Technological momentum is not singular or unidirectional, but diversified and open to contingency. It encompasses "acquired skill and knowledge, special-purpose machines and processes, enormous physical structures, and organizational bureaucracy" (Hughes 1994, 108). Successful engineers like Thomas Edison are "heterogeneous," working not only with "inanimate physical materials, but on and through people, texts, devices, city councils, architectures, economics and all the rest" (Law 1991, 9).

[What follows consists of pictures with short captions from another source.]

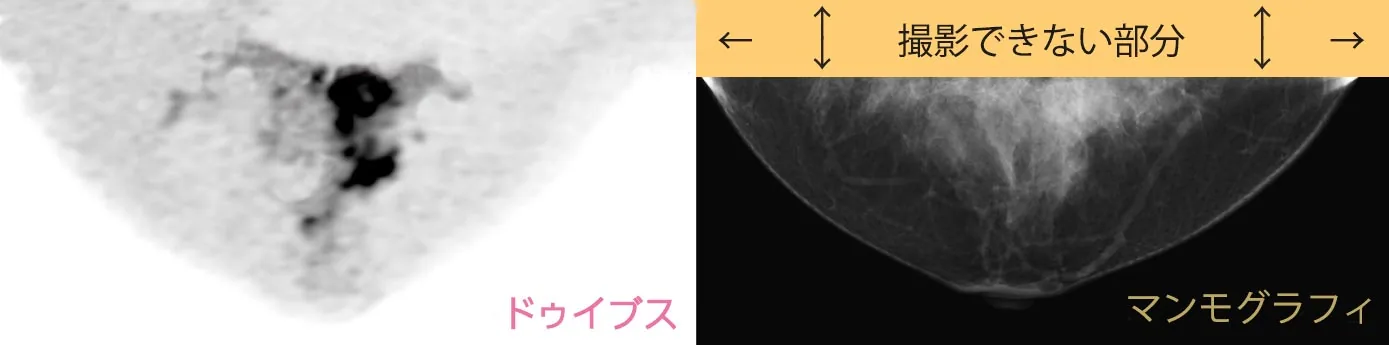 乳がん検査
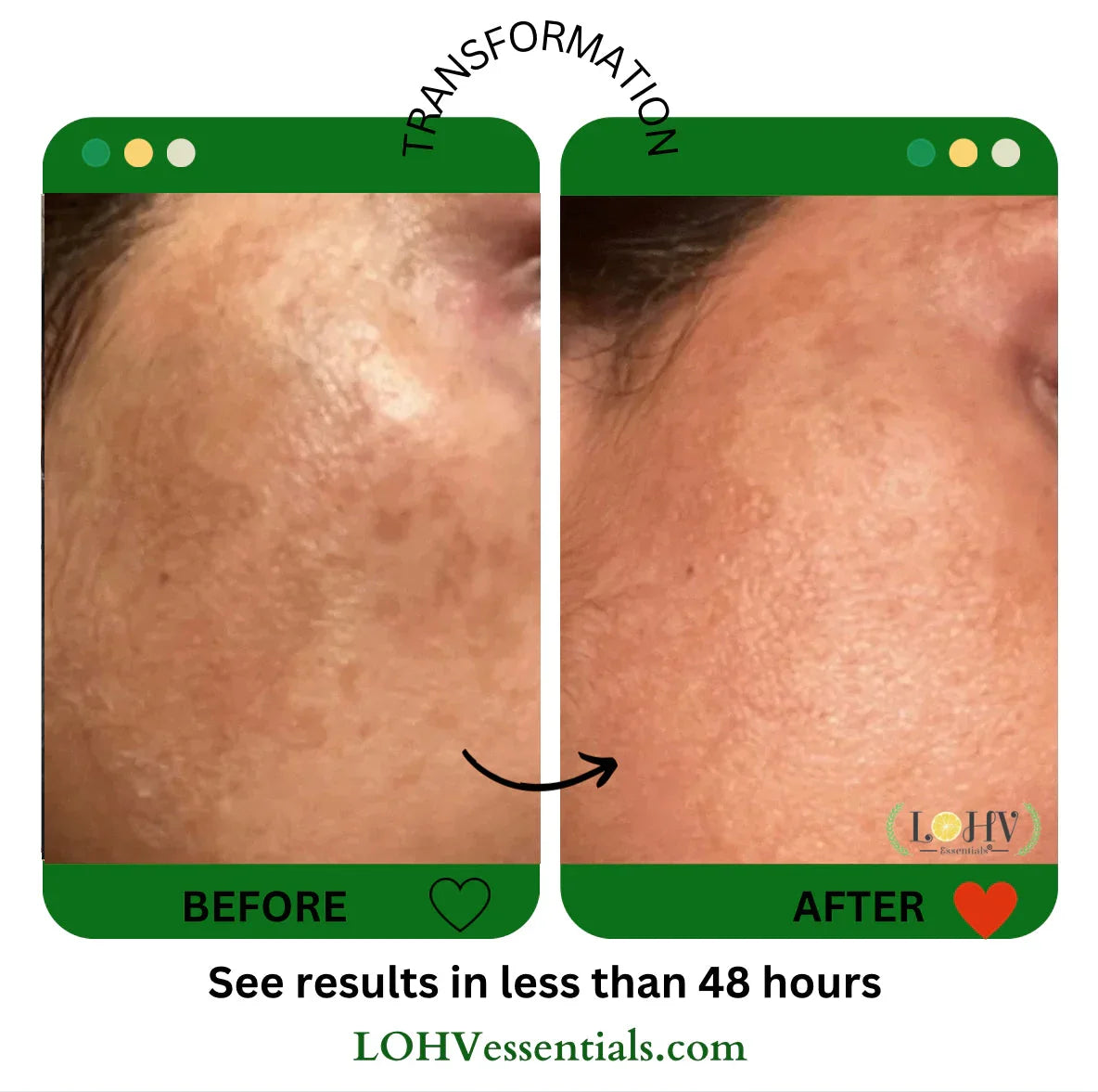 LOHV ESSENTIALS PREMIUM 100% VEGAN GLOW UP Toner Serum With Hyaluronic Acid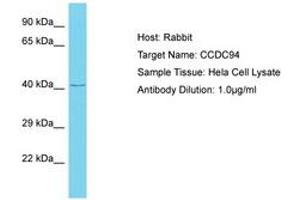 Image no. 1 for anti-Coiled-Coil Domain Containing 94 (CCDC94) (AA 239-288) antibody (ABIN6750639) (CCDC94 antibody  (AA 239-288))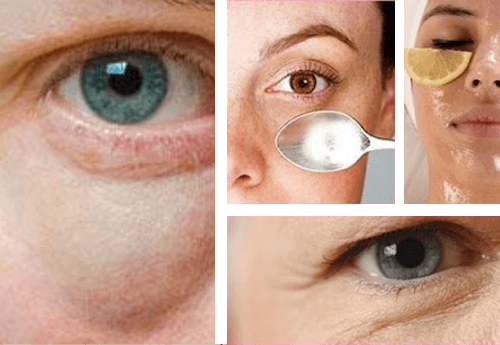 Прості поради від мішків під очима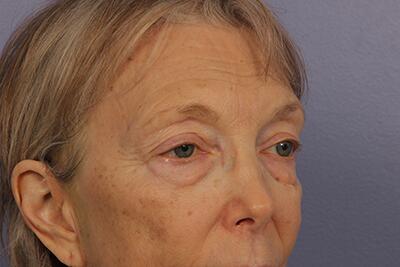 Eyelid Surgery Before & After Image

Hughes disagrees with Winner's concept of autonomous technology. "Technological systems, even after prolonged growth and consolidation, do not become autonomous; they acquire momentum. . . . Momentum does not contradict the doctrine of social construction of technology, and it does not support the erroneous belief in technological determinism" (Hughes 1987, 76, 80). Nonetheless, once technological systems become stabilized and acquire momentum, the artifacts generated by and enmeshed in those systems can exert influence, just as social action influences them. Remark- ing on the Muscle Shoals (later Wilson) Dam project built as part of the Tennessee Valley Authority, Hughes notes, "This durable artifact acted over time like a magnetic field, attracting plans and projects suited to its characteristics. Systems of artifacts are not neutral forces; they tend to shape the environment in particular ways" (Hughes 1994, 111).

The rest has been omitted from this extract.